中年男が女弟子の蒲団を嗅いで失恋の涙…ほぼ実話だった田山花袋の告白小説、モデル女性のその後にも影響した嫉妬心
ハナから分かり合えない2人
『蒲団』で大出世した花袋だったが、その後は、論壇から一定の評価を受けた『田舎教師』などを除いては、名作と呼ばれるような作品をついぞ残せなかった。『蒲団』を書いたころについては、晩年、雑誌で次のように自画自賛気味に回想している。
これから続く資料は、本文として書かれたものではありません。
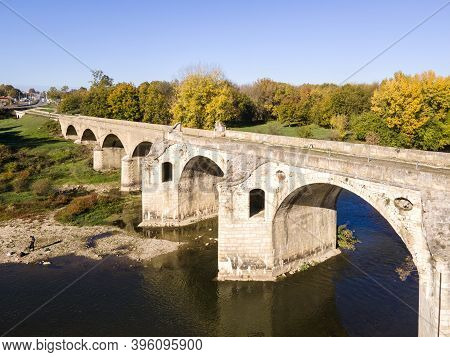 Aerial View Of Nineteenth-century Bridge Over The Yantra River, Known As The Kolyu Ficheto Bridge In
「私は机を並べて仕事をしてゐた人達からもじろじろといやに顔を見られたばかりでなく、ある人からはそれがために絶交状に近い手紙さへつきつけられた。つまりそれだけその時分の世間が、社会が、伝統的慣習に捉はれてゐたのである。さういふ形から見れば『蒲団』もさうした社会から今の自由な心持を持つた社会になつて来るための材料のひとつとして立派にその使命を果して来たものであるとは言へた」(「サンデー毎日」大正13年4月6日号)
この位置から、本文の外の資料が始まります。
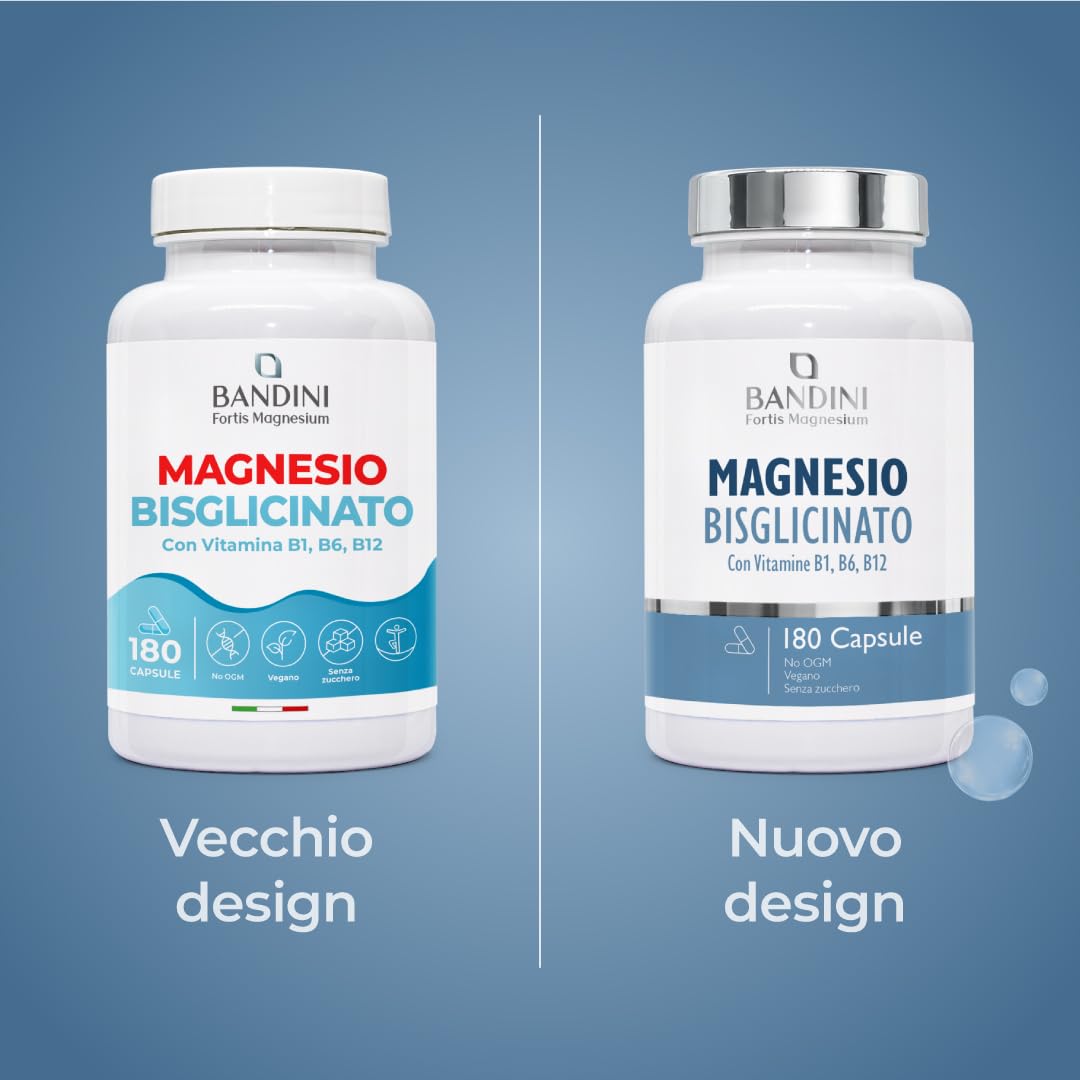 Bandini® Magnesio Bisglicinato 180 Capsule (2 mesi), 350 mg di Glicinato, Chelato per dose arricchito di Vitamina B1, B6, B12 Anti stress e fatica, Integratore per Sistema Nervoso, 100% Vegan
ちなみに、美知代にフラれた花袋は、「次の恋」にも走っている。相手は、赤坂の梅奴という十代の芸者。こちらは昭和5(1930)年に花袋が死去するまで、約20年もの間、腐れ縁が続いた。
美知代は、昭和16(1941)年に帰国し、広島に隠居。戦後の昭和33(1958)年には、「婦人朝日」7月号に、こんなくだりがある回想手記を寄せた。
「実際師としての先生は厳格で立派で、殊には神様とも見る先生の胸に、変な情火が燃されて居た等、一切測り知る由もなかった。(略)純情な私達二人を欺き通した花袋先生が恨めしい。併し飽くまで恩は恩、怨みは怨み、私のこの怨みは恩師以外の、単なる花袋氏に対する怨みである事は、云ふまでもない」
もはや、「ハナから分かり合えない2人だった」としか言いようがない。